For the data below, restate word for word only the lines from the line containing "GUCCI GG JACQUARD SUEDE HORSEBIT LOAFERS" through the line containing "BMW 8 SERIES", both ends included.

Data excerpts:
····················

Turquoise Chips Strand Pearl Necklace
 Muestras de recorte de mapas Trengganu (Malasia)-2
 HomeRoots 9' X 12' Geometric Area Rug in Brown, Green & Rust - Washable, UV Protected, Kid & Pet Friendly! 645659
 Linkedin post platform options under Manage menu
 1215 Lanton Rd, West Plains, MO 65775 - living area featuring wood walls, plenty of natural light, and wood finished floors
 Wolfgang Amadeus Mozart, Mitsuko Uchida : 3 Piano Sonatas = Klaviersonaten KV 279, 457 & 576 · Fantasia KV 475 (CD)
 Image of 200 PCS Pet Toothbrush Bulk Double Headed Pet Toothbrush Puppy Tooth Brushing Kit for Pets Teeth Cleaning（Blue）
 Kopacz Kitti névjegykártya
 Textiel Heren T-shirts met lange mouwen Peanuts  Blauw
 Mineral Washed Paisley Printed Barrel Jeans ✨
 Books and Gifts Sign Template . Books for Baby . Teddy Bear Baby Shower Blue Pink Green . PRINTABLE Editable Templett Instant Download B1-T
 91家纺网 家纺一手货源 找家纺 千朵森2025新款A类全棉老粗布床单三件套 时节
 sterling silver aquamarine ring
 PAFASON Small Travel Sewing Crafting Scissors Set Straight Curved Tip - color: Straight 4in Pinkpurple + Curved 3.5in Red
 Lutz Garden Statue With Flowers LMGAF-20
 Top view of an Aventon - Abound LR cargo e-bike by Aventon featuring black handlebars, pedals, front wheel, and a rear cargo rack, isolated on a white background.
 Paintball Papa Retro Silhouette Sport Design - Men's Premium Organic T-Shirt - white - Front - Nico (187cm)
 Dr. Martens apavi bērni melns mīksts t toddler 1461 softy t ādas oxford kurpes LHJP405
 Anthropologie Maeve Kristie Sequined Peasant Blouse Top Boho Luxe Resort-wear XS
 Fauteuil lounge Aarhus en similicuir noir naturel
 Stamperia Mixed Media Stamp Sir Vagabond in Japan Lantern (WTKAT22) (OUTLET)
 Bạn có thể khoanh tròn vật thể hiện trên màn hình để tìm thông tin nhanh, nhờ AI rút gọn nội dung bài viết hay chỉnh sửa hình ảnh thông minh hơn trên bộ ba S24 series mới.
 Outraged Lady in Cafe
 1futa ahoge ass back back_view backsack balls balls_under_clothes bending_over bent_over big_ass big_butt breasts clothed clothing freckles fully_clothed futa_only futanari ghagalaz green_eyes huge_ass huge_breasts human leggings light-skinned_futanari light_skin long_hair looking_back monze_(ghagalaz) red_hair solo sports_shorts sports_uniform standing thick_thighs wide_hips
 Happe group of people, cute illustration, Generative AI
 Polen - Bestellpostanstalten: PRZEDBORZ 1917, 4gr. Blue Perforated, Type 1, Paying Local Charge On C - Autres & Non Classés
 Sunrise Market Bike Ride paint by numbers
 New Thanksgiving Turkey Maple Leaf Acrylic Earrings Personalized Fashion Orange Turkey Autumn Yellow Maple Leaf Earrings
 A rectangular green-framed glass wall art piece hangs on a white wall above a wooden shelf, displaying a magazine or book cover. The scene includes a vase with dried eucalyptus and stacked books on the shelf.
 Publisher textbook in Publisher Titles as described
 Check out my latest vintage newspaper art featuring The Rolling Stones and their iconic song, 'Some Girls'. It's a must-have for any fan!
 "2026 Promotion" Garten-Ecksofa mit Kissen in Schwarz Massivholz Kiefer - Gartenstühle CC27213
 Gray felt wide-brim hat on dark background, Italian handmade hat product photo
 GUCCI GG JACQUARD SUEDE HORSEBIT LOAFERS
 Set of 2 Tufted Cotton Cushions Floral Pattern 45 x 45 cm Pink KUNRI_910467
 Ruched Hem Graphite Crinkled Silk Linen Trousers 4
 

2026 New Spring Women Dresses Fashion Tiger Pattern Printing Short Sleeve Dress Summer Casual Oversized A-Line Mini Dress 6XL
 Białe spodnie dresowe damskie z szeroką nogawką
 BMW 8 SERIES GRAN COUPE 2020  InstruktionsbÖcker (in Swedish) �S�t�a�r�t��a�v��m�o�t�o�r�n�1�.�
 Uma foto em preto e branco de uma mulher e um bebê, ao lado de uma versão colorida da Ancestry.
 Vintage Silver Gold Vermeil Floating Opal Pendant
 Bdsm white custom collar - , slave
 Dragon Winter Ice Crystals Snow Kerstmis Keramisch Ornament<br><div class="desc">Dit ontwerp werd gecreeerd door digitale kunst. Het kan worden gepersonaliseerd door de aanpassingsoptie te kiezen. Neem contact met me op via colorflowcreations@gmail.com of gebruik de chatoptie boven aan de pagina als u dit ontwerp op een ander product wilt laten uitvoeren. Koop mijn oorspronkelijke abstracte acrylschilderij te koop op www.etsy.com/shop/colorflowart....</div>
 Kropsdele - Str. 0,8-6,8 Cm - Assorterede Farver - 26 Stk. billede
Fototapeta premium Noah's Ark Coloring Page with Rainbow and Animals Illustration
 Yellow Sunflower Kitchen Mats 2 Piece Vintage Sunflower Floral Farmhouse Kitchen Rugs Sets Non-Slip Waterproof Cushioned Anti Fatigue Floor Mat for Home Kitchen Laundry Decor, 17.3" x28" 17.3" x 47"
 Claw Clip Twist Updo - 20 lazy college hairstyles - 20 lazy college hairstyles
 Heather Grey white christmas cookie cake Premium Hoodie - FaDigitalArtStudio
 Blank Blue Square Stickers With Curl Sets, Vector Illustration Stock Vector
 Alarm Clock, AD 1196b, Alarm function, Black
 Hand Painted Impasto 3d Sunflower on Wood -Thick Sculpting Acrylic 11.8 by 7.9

····················

Answer box:
 GUCCI GG JACQUARD SUEDE HORSEBIT LOAFERS
 Set of 2 Tufted Cotton Cushions Floral Pattern 45 x 45 cm Pink KUNRI_910467
 Ruched Hem Graphite Crinkled Silk Linen Trousers 4
 

2026 New Spring Women Dresses Fashion Tiger Pattern Printing Short Sleeve Dress Summer Casual Oversized A-Line Mini Dress 6XL
 Białe spodnie dresowe damskie z szeroką nogawką
 BMW 8 SERIES GRAN COUPE 2020  InstruktionsbÖcker (in Swedish) �S�t�a�r�t��a�v��m�o�t�o�r�n�1�.�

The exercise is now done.